Function in the cytosol: The 3’ UTR influences the stability of the transcript.
Considerations for therapies: As with the 5’ UTR, sequences from the alpha and beta globins are widely used for the 3’ UTR of therapeutic mRNAs. These sequences bind to proteins that enhance the transcript’s stability by deterring degradation of the poly(A) tail3.
Description: Polyadenylation at the 3’ end of the mRNA.
Function in the cytosol: The poly(A) tail regulates mRNA stability and promotes initiation of translation. It recruits poly(A) binding protein (PABP) which protects the transcript from 3’ to 5’ nuclease degradation. PABP also interacts with initiation factors at the 5’ end to trigger protein synthesis.
Considerations for therapies: Longer poly(A) tails generally confer greater stability to the transcript; the optimal length is 100-150 bases2. For in vitro mRNA preparation, a poly(A) tail can be generated by two methods:
- Enzymatic polyadenylation of the mRNA after in vitro transcription
- Incorporation of the poly(A) sequence in the DNA template prior to transcription
The latter method produces a more uniform length and enables better batch control of the product3. The downside is that poly(A) sequences greater than 120 bp can be unstable in plasmids: truncations during amplification in bacteria are common4,5. As a result, DNA templates may contain shorter and more heterogeneous poly(A) tails, which in turn makes mRNA products less stable and protein expression more variable. Using optimized DNA preparation protocols or segmenting poly(A) regions with short spacers5 can increase the stability of these sequences in plasmids.
For quality control, the poly(A) sequence should be verified by Sanger sequencing after final plasmid preparation to check for truncations and mixed populations. As the therapy advances in development and production is scaled up, full-length RNA sequencing can be used to thoroughly characterize the mRNA product, including the length distribution of poly(A) tails.
Replacing uridine with pseudouridine (Ψ), an isomer with the same base-pairing properties, has been shown to reduce immunogenicity and increase the stability of mRNA therapies. Pseudouridine helps mRNA evade the immune system and increases protection against nucleases.

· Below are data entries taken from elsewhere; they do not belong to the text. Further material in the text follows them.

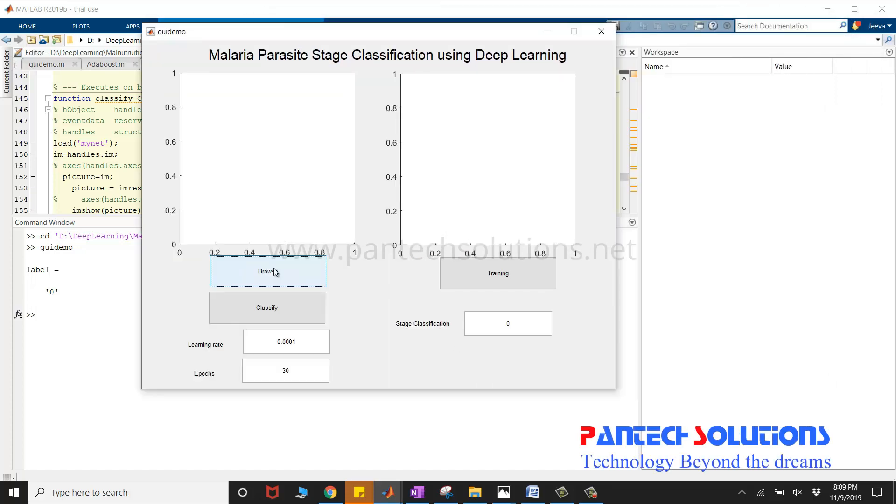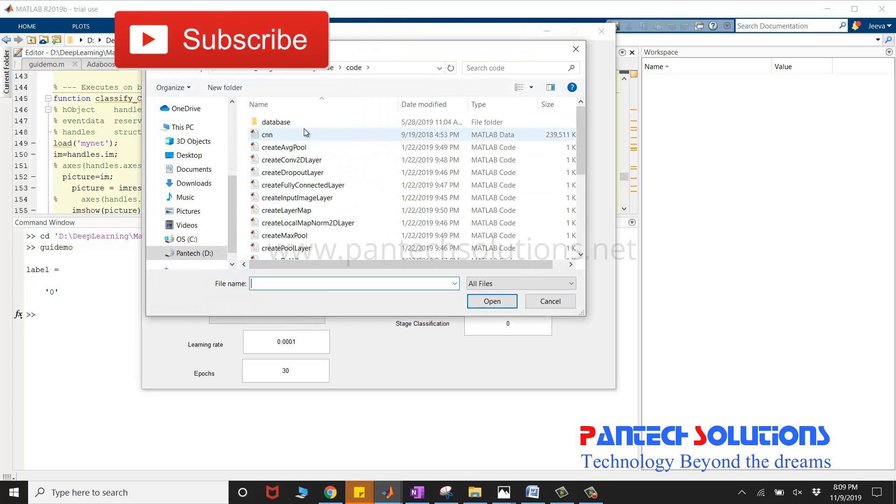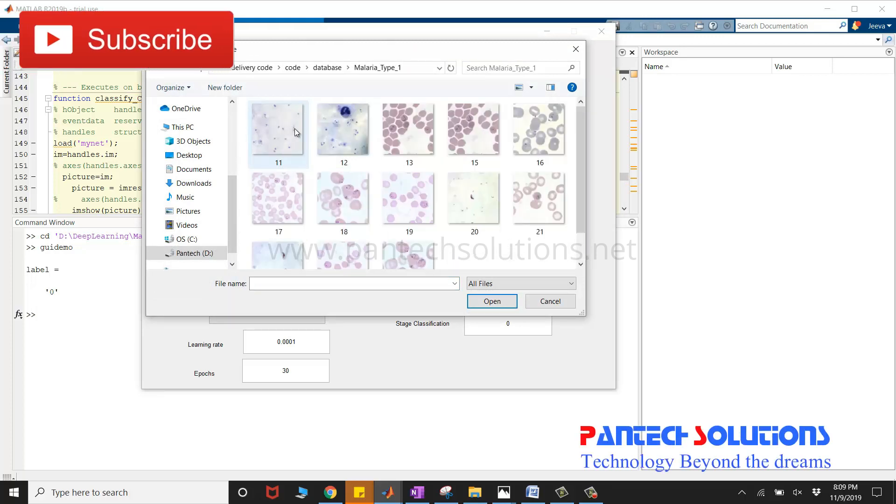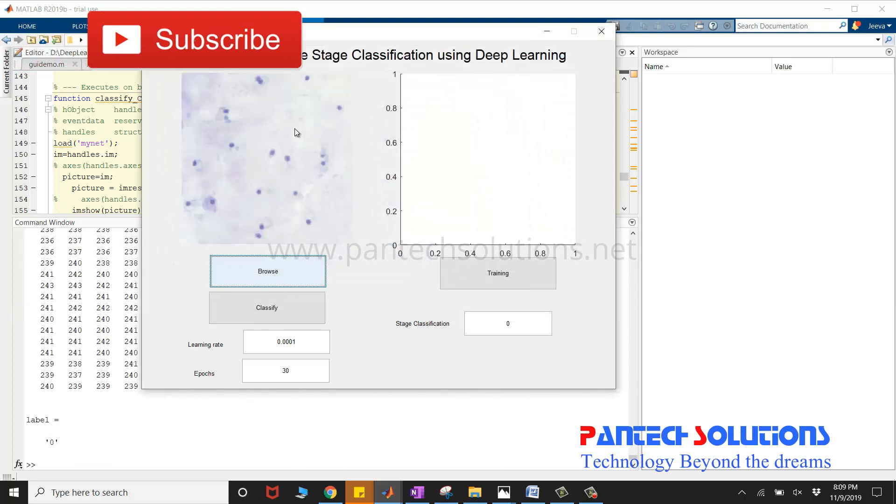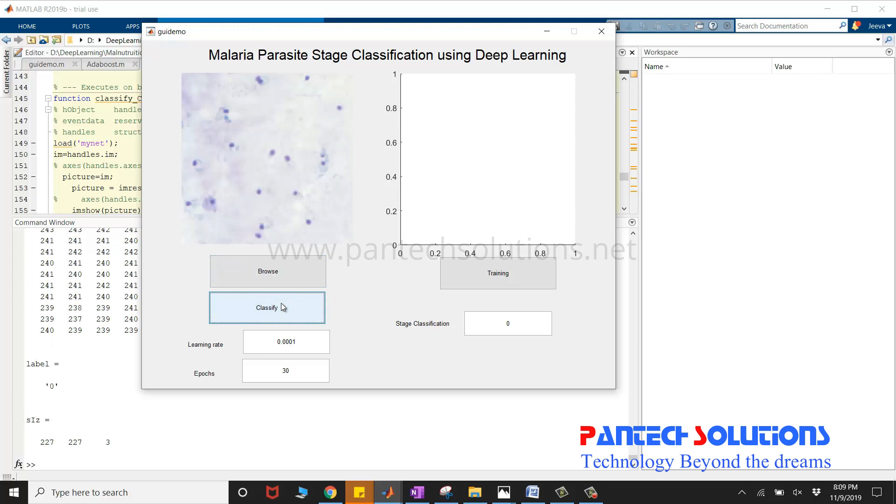Click browse to choose the image, a blood cell which was taken from microscopic images. Click classify to classify the stage.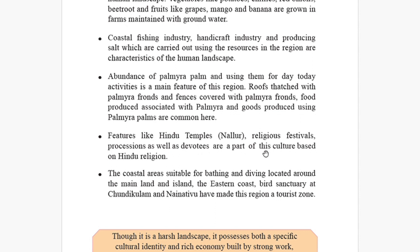Features like Hindu temples, Nalur religious festivals, processions, and devotees are a part of the culture based on Hindu religion. Most of the people belong to the Hindu faith. We can see features like Hindu temples, Nalur Kovil, and those kinds of religious festivals also in Jaffna.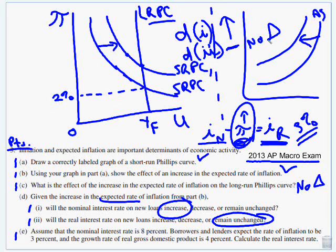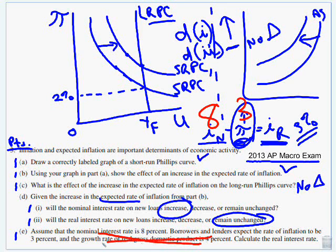Assume the nominal interest rate is 8%. Borrowers and lenders expect the rate of inflation to be 3%, and real GDP is going to go up 4% — but I don't see real GDP in that equation, so that's a distractor — ignore it. Calculate the real interest rate: 8 minus 3 equals 5%. That's your answer. That's a little summary introduction to the Phillips curve.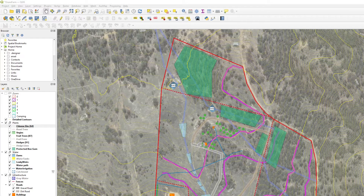Hi, I'm Matt. I'm going to give you a quick introduction to using a GIS package, QGIS, for doing your permaculture plans and designs.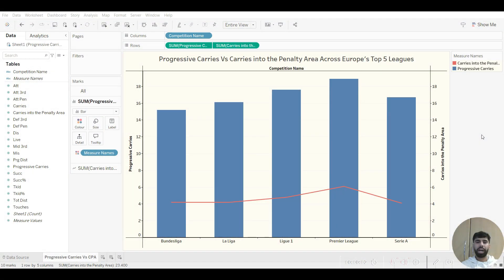Hello everyone and welcome back to the Sport Horizon YouTube channel. In today's Tableau for Sport tutorial, I'm going to go over how to make a dual axis chart.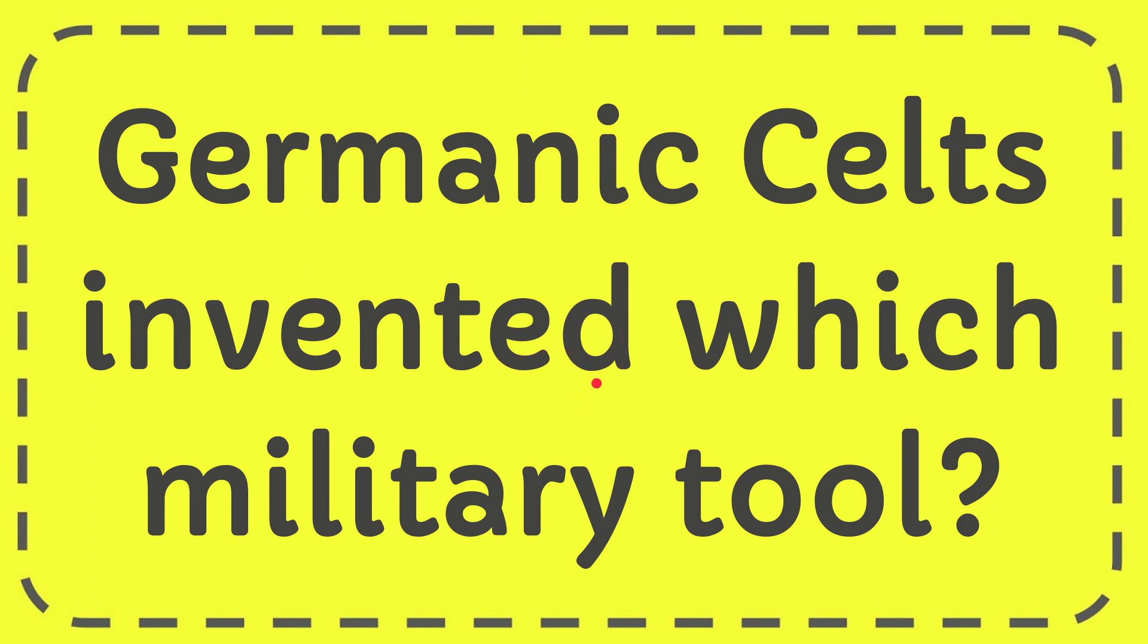In this video I'm going to give you the answer for this question. The question is: Germanic Celts invented which military tool?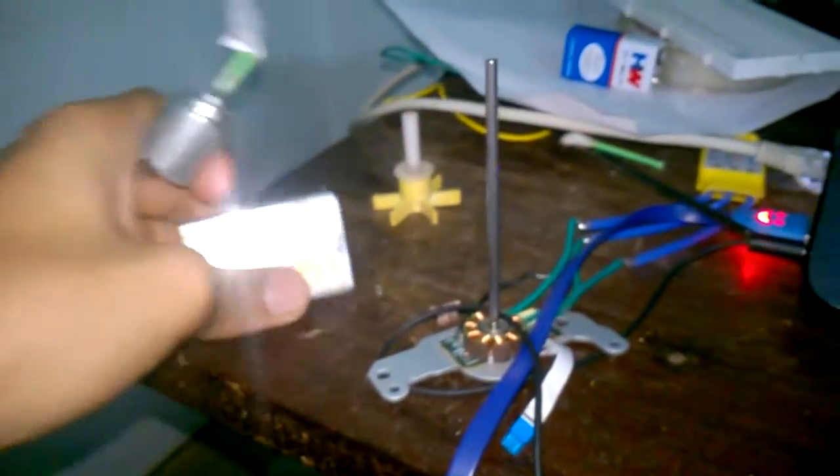Now, the RPM has significantly dropped. Let's take this lithium-ion battery from a mobile phone. Let's check what RPM can it go up to.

It can be added to in vitro transcription reactions in form of ΨTP. Use of a modified pseudouridine contributed to the success of the mRNA COVID vaccines developed by Pfizer-BioNTech and Moderna Therapeutics6.
An ideal mRNA for therapeutic applications is optimized, from end to end, for efficient translation and enhanced stability. Once inside the cell, each mRNA component plays a critical role in producing strong protein expression.
Manufacturing well-designed mRNA in a fast, scalable, and reliable manner can be difficult if the entire production process is not robust or efficient. Read our tech note to learn how Azenta Life Sciences integrates gene synthesis and in vitro transcription to deliver high-quality mRNA. Also, we can help you design the 5’ cap, UTRs, and poly(A) tail of your mRNA construct as part of a pilot project.
Download Tech Note
1. Sikorski, P. J. et al. The identity and methylation status of the first transcribed nucleotide in eukaryotic mRNA 5′ cap modulates protein expression in living cells. Nucleic Acids Research vol. 48 1607–1626 (2020).
2. Kwon, S., Kwon, M., Im, S., Lee, K. & Lee, H. mRNA vaccines: the most recent clinical applications of synthetic mRNA. Archives of Pharmacal Research vol. 45 245–262 (2022).
3. Kwon, H. et al. Emergence of synthetic mRNA: In vitro synthesis of mRNA and its applications in regenerative medicine. Biomaterials vol. 156 172–193 (2018).
4. Grier, A. E. et al. pEVL: A Linear Plasmid for Generating mRNA IVT Templates With Extended Encoded Poly(A) Sequences. Molecular Therapy - Nucleic Acids vol. 5 e306 (2016).
5. Trepotec, Z., Geiger, J., Plank, C., Aneja, M. K. & Rudolph, C. Segmented poly(A) tails significantly reduce recombination of plasmid DNA without affecting mRNA translation efficiency or half-life. RNA vol. 25 507–518 (2019).
6. Morais, P., Adachi, H. & Yu, Y.-T. The Critical Contribution of Pseudouridine to mRNA COVID-19 Vaccines. Frontiers in Cell and Developmental Biology vol. 9 (2021).